Tuesday, July 28, 2015

Giving Recast Another Shot

It seems that although Recast grossly lacks any documentation whatsoever, the rest of the Internet grossly lacks friendly information on navigation mesh creation. Unfortunately, although I was able to cover the main surface in triangles, there was little in the way to actually figure out how to create a navigation mesh with the triangles that were blocked by an object. 

These things do happen, and I had to start over from scratch with not enough knowledge on the intimately complex process of navigation meshes. I decided to give Recast another shot, using premake (the new version supports VS2013! Thank goodness!) to make the demo so I could trace variables that would otherwise seem horribly confusing by just perusing the source code. 

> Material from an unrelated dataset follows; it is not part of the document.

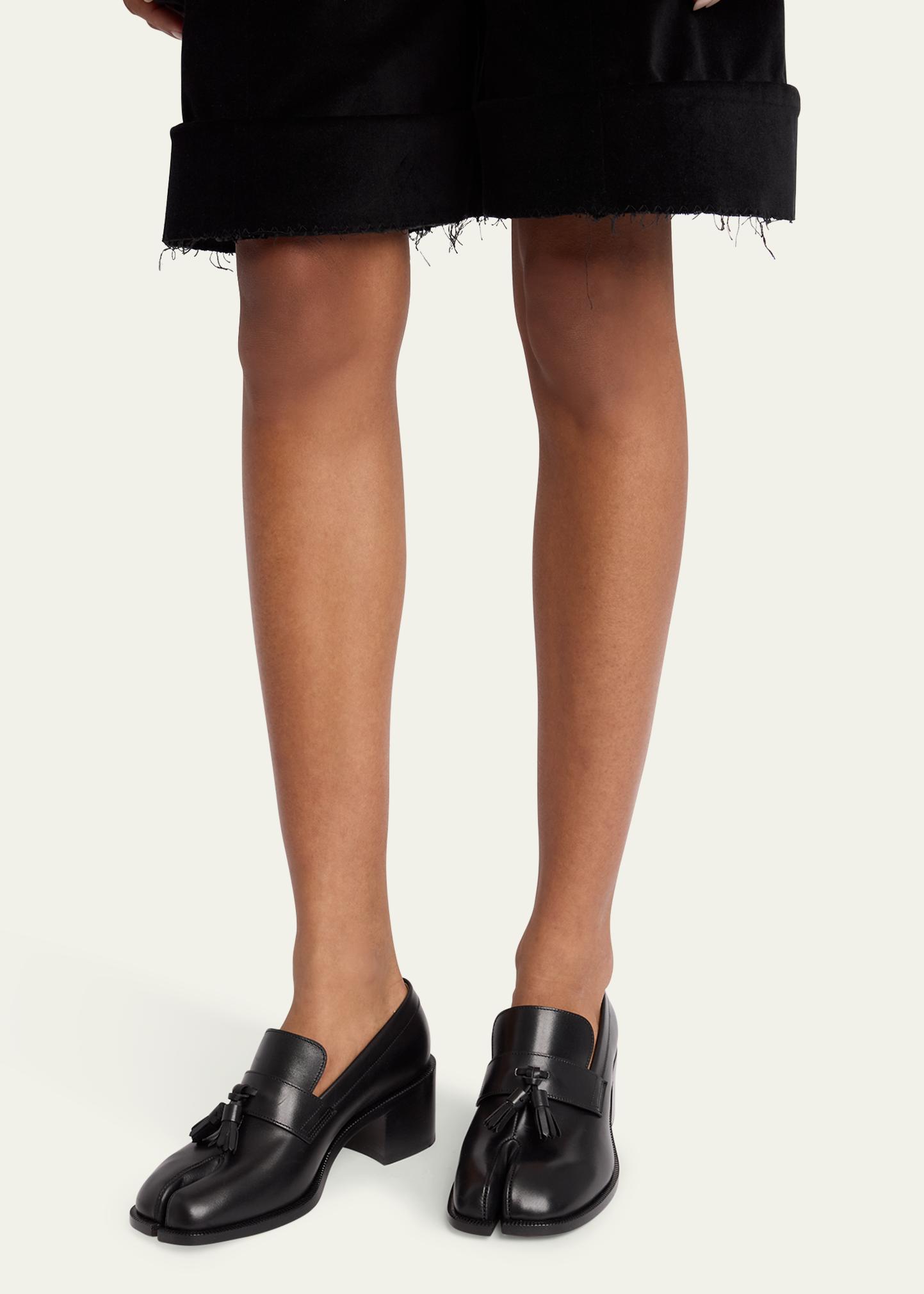 Maison Margiela Tabi-Toe Leather Tassel Block-Heel Loafers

I understand the process of Recast's mesh input a little better. The bounds I have to set manually (main plane z and x bounds, y bounds aren't too wild since the ball can't go up such a steep plane), while the vertices and indices (labeled triangles with Recast) are entered not into a specific buffer, like DirectX's buffers, but a dynamic array of floats and ints. Luckily I've got plenty of experience with dynamic array usage while working with C, so I understood that process. However, I'm not too sure whether it'll work. The demo loaded from an obj file, whereas I am loading multiple models from multiple obj files (e.g. world-specific models). The conversion process seemed to workout alright, and I am currently on the post-build config process (before I head to bed, *yawn*)

In the demo, settings were managed via an editor, but I'll put some values in on the fly and manage them from code. Those settings won't be changed in the front end anytime soon. Hopefully this works out; navigation meshes are no joke, and could use some more support from the open source audience and/or people looking to post another pathfinding tutorial.